The idea is to use https://github.com/actions/actions-runner-controller on top of a k3s cluster to manage the runners. Furthermore, I would desire to use MicroOS as the base OS.

The host is not yet configured with a static network configuration. The four nodes each have a dedicated BMC that only has a Java Web Start based UI for machine access.


Related issues 1 (1 open0 closed)

Precedes openSUSE admin - tickets #161963: Prepare GitHub runner serversIn Progresscrameleon2024-06-04

Actions
Actions #1

Updated by SchoolGuy 11 months ago · Edited

Of course, for each VLAN we will need a network. The machine atm has an outdated hostname in the SUSE internal Racktables. I would propose to name the chassis "gh-runner-chassis-01" and the nodes "gh-runner--01" with ascending numbers.

Actions #2

Updated by crameleon 11 months ago

  • Category set to Network
  • Private changed from Yes to No
Actions #3

Updated by crameleon 11 months ago

Hi Enno,

I will try to configure the network soon. From reading your SUSE ticket, I should probably be able to find the physical connections in SUSE RackTables. Is there some networking configured I can use to connect to the BMC to then configure the correct addresses for our management network? If not, I could spawn a temporary DHCP server.

I understand why MicroOS would be a good candidate for this application. However, I had terrible experience integrating it with our infrastructure in the past. A lot of the Salt states either do not support transactional operation at all, or require dirty hacks. Also a lot of packages are not included in the base distribution, and required maintaining a separate project with various links: https://build.opensuse.org/project/show/openSUSE:infrastructure:Micro. It lead me to eventually move the two servers I tried it with to Leap again and to give up with pursuing the effort to make it work.
Hence I suggest to make your servers Leap based as well but to confine the relevant services with systemd hardening and AppArmor.

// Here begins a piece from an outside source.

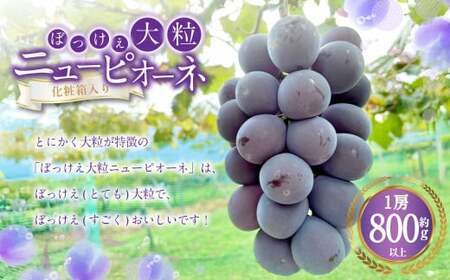 ぼっけえ大粒 ニューピオーネ 1房(800g以上) 化粧箱入り [2026年9月上旬〜10月上旬迄発送予定] ぶどう ブドウ 葡萄 ピオーネ 果物 くだもの フルーツ 冷蔵 国産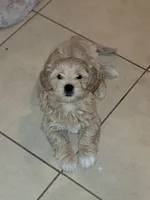 Roosevelt, a male Lhasa Apso and Shih Tzu for sale in Phoenix, AZ – 3 of 3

I have an AutoYaST profile we can use for deployment of the base OS (there's currently no network boot server in our infrastructure since we rarely ever have new hardware, hence I'd just load it with an image through the BMC, if possible).

The names are fine with me.

Actions #4

Updated by crameleon 11 months ago

On a second thought, I wonder if the names shouldn't be something more generic.
I know we will only use these machines as GitHub runners now, but I have this fear of finding a new purpose at some point in the future making the names no longer make sense. ;-)

Actions #5

Updated by SchoolGuy 11 months ago

crameleon wrote in #note-3:

Hi Enno,

I will try to configure the network soon. From reading your SUSE ticket, I should probably be able to find the physical connections in SUSE RackTables. Is there some networking configured I can use to connect to the BMC to then configure the correct addresses for our management network? If not, I could spawn a temporary DHCP server.

I understand why MicroOS would be a good candidate for this application. However, I had terrible experience integrating it with our infrastructure in the past. A lot of the Salt states either do not support transactional operation at all, or require dirty hacks. Also a lot of packages are not included in the base distribution, and required maintaining a separate project with various links: https://build.opensuse.org/project/show/openSUSE:infrastructure:Micro. It lead me to eventually move the two servers I tried it with to Leap again and to give up with pursuing the effort to make it work.
Hence I suggest to make your servers Leap based as well but to confine the relevant services with systemd hardening and AppArmor.

I have an AutoYaST profile we can use for deployment of the base OS (there's currently no network boot server in our infrastructure since we rarely ever have new hardware, hence I'd just load it with an image through the BMC, if possible).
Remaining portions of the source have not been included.